Nicola Walker n’est pas nouvelle dans la gloire. Il est acteur de théâtre et de télévision au Royaume-Uni depuis 30 ans et star depuis plus de 20 ans. Acteur au caractère profond, capable de faire passer une scène du simple humour à une décision vrillée avec le changement rapide de temps sur la côte anglaise, il a remporté un prix Olivier (pour “Le curieux incident du chien pendant la nuit”) et a reçu plusieurs prix BAFTA à la télévision.
Rien qu’en 2015, il a écrit trois séries populaires (« Last Tango in Halifax », « Unforgotten » et « River ») et la reprise à Broadway de « A View From the Bridge » d’Arthur Miller. (« Même les membres de ma propre famille en ont assez de voir mon visage », dit-elle.) Depuis, elle a joué dans la production du Théâtre national « The Corn Is Green » ainsi que dans les séries télévisées « Marriage », « Annika », « Mary and George » et « The Split ».
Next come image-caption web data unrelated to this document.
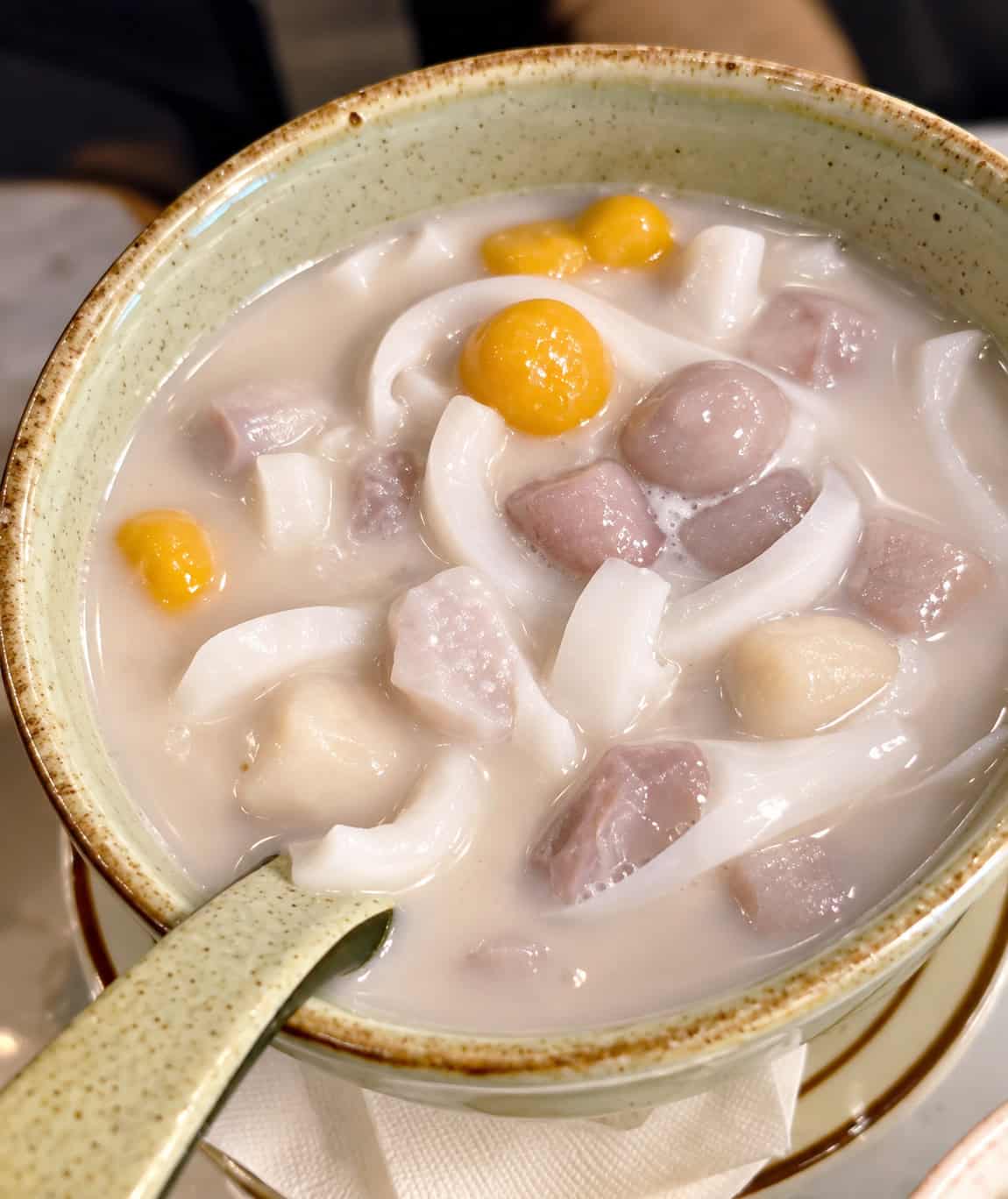 Traditional Thai Bua Loy dessert with taro rice balls and salted egg yolk in warm coconut milk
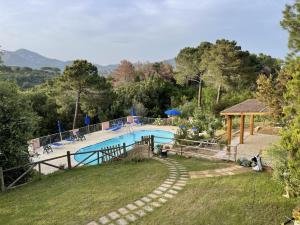 een groot zwembad in een tuin met een heuvel bij Sera & Mattino Appartamenti by SolturElba in Capoliveri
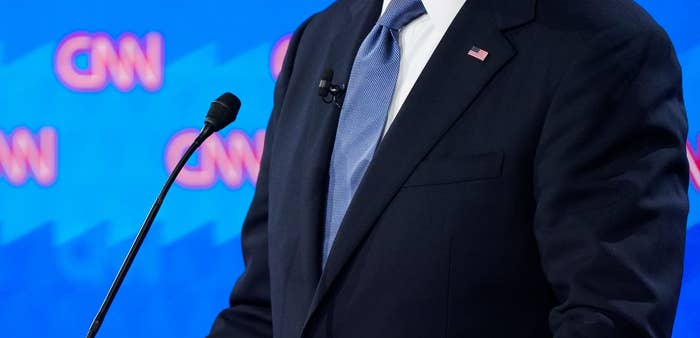 A man in a suit and tie stands at a podium with a CNN backdrop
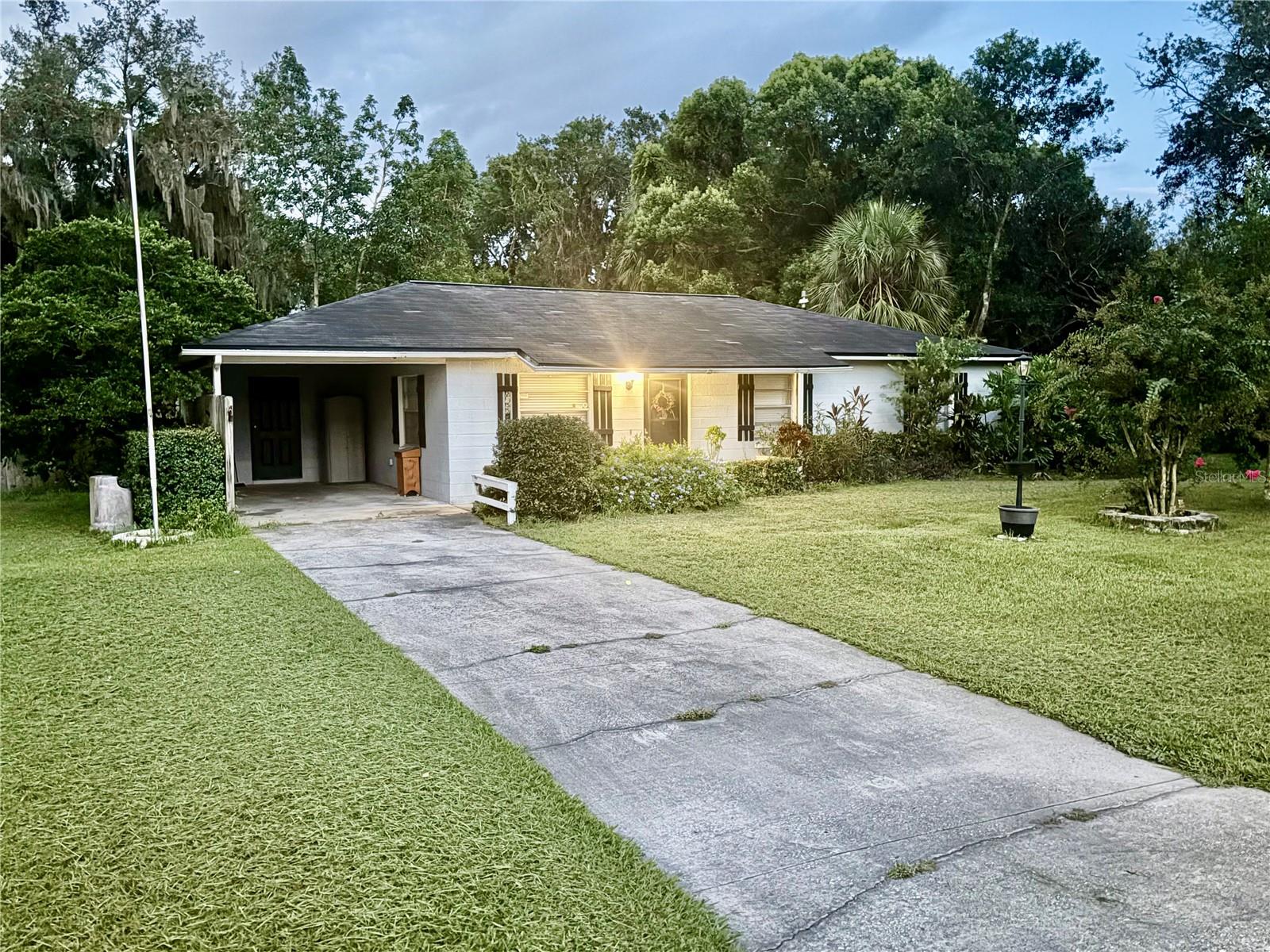 The perfect starter home for anyone who needs to live near South Lakeland or the Tampa Bay area! This home is located in established neighborhood with space between your neighbors this home is for you! No HOA, large fenced backyard with producing fruit plants and trees – avocado, orange, loquat , cherry, pineapple, papaya tree, plum, and guava.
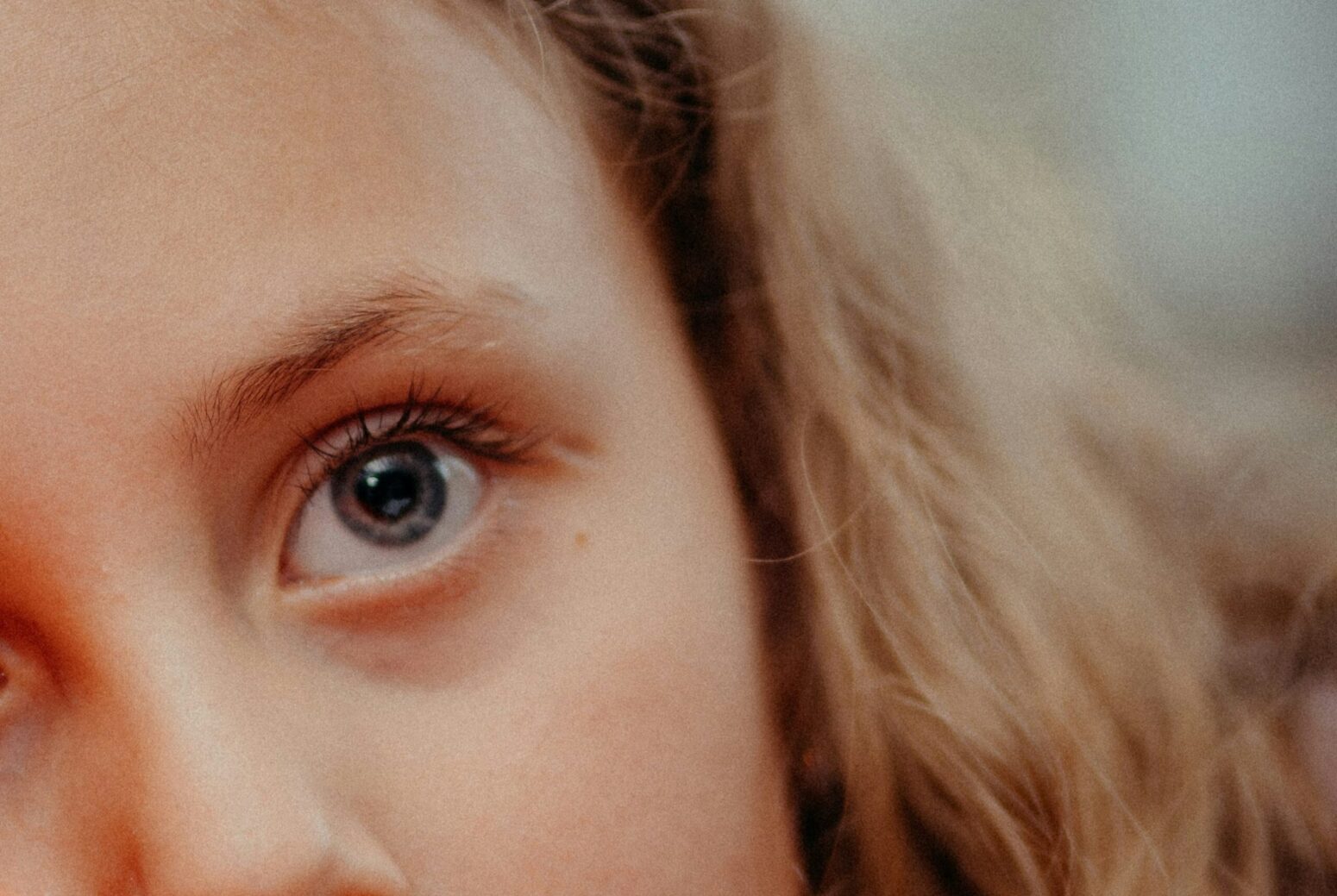 A close-up of half of a little girl's face. She has blue eyes and blonde hair.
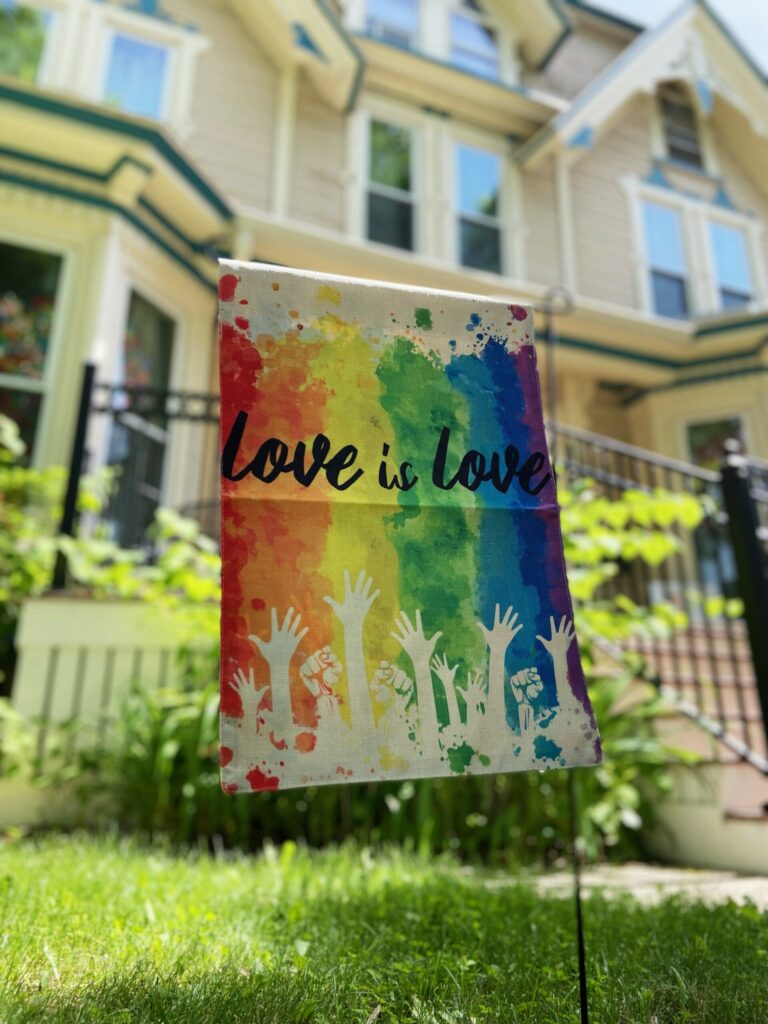 Rainbow love is love sign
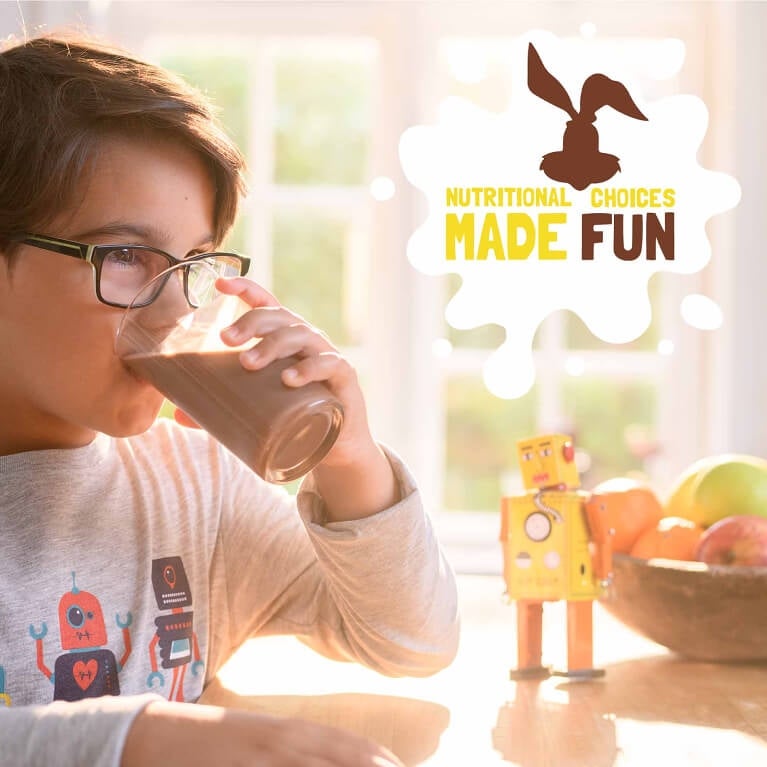 Young boy drinking a glass of Nesquik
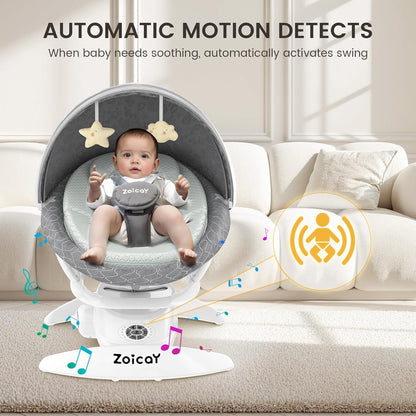 Baby in a gray baby swing with text about automatic motion detection, sitting on a beige couch.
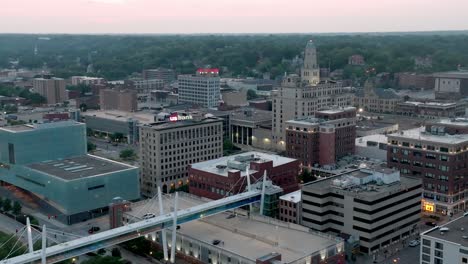 Downtown-Davenport,-Iowa-skyline-during-sunset-with-drone-video-moving-in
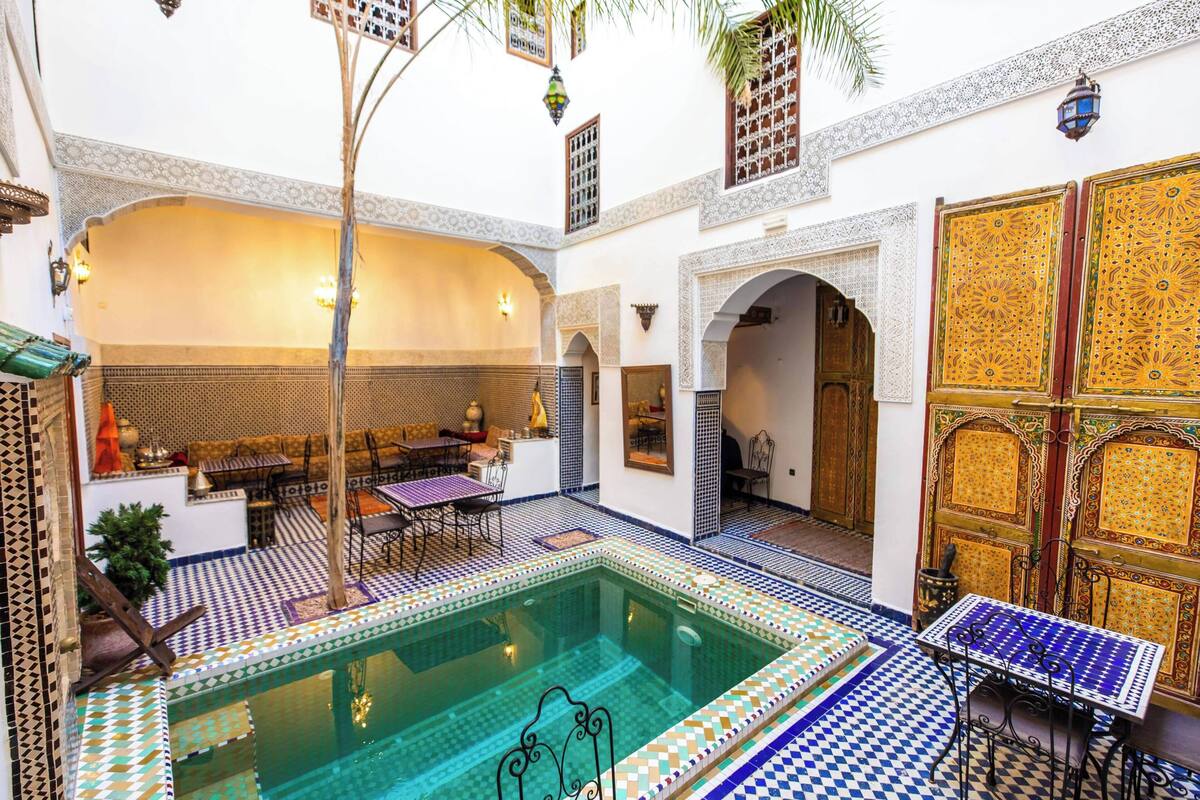 Una piscina interior con suelo de baldosas, un área de descanso con mesas y sillas, y puertas decorativas.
Et Walker connaît les affaires. Ce qu’il ne savait pas, jusqu’à ce qu’il tourne la nouvelle comédie “Alice et Steve”, sortie sur Hulu lundi, c’était la plateforme de streaming de Disney. Les détails du voyage, les nombreuses interviews, la première sur la Croisette au festival Canneseries (où “Alice et Steve” a remporté de nombreux prix, dont celui de la meilleure série) et un récent voyage de presse à New York (je lui ai parlé, via Zoom.)
“C’est un niveau différent”, a-t-il déclaré. “Si vous faites pression pour la BBC, ITV ou n’importe quelle société de production en Angleterre, vous serez conduit dans une petite pièce sombre avec des sandwichs et un café épouvantable et 10 personnes viendront vous parler.”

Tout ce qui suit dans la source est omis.